The T-note market was satisfied with Fed Chair Powell’s attempt at that meeting to assuage the previous concern about QE tapering.  He said it would take “some time” to achieve the threshold for considering a tapering of its QE program, suggesting that any such consideration was months away.  He also said, “The whole focus on [QE] exit is premature.”

The Eurodollar futures curve on a yield basis has moved sharply higher since the end of 2020 due to (1) expectations for the pandemic to end by year-end thanks to vaccinations, and (2) the massive fiscal stimulus plans by Democrats.  The Eurodollar futures curve is now showing expectations for an overall 225 bp Fed rate hike by 2029, which is 75 bp more than expectations as of the end of 2020 for a 150 bp rate hike by 2029.

Jan U.S. PPI expected little changed — The consensus is for today’s Jan final-demand PPI to rise slightly to +0.9% y/y from December’s +0.8%.  Meanwhile, the Jan core PPI is expected to ease slightly to +1.1% y/y from December’s +1.2%. The current U.S. inflation statistics are sharply below market expectations for inflation.  The 10-year breakeven inflation expectations rate on Tuesday climbed to a new 6-1/2 year high of 2.26% and finished the day up +2 bp at 2.25%.

U.S. retail sales expected to improve — Today’s Jan retail sales report is expected to show a solid increase of +1.1% m/m, more than reversing December’s weak report of -0.7% m/m.  Consumer sentiment remained poor in January as consumers hunkered down after the holidays.  However, consumer sentiment and spending should improve considerably by March due to the declining pandemic infection rates seen since mid-January.

U.S. manufacturing production expected to show another solid rise — The consensus is for today’s Jan manufacturing production report to show an increase of +0.7% m/m, adding to December’s increase of +0.9% m/m.  U.S. manufacturing production has risen on a month-on-month basis for eight consecutive months, but is still down -2.8% y/y.  Meanwhile, today’ s broader Jan industrial production report is expected to rise +0.5% m/m, adding to December’s increase of +1.6% m/m.

20-year T-bond auction — The Treasury today will auction $27 billion of new 20-year T-bonds.  The Treasury just started selling 20-year T-bonds again in May 2020 for the first time since 1986.  The 20-year bond yield on Tuesday closed the day sharply higher by +9 bp at a new cyclical high of 1.92%.

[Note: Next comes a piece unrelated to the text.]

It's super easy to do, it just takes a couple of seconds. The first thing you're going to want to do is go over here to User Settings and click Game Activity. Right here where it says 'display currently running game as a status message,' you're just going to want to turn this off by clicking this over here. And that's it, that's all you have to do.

The 9-auction averages for the 20-year are as follows:  2.40 bid cover ratio, $2 million in non-competitive bids, 5.8 bp tail to the median yield, 31.8 bp tail to the low yield, and 61.4% taken at the high yield.  The 20-year is moderately below average in popularity among foreign investors and central banks.  Indirect bidders, a proxy for foreign buyers, have taken an average of 61.4% of the last nine 20-year auctions, moderately below the median of 63.6% for all recent Treasury coupon auctions.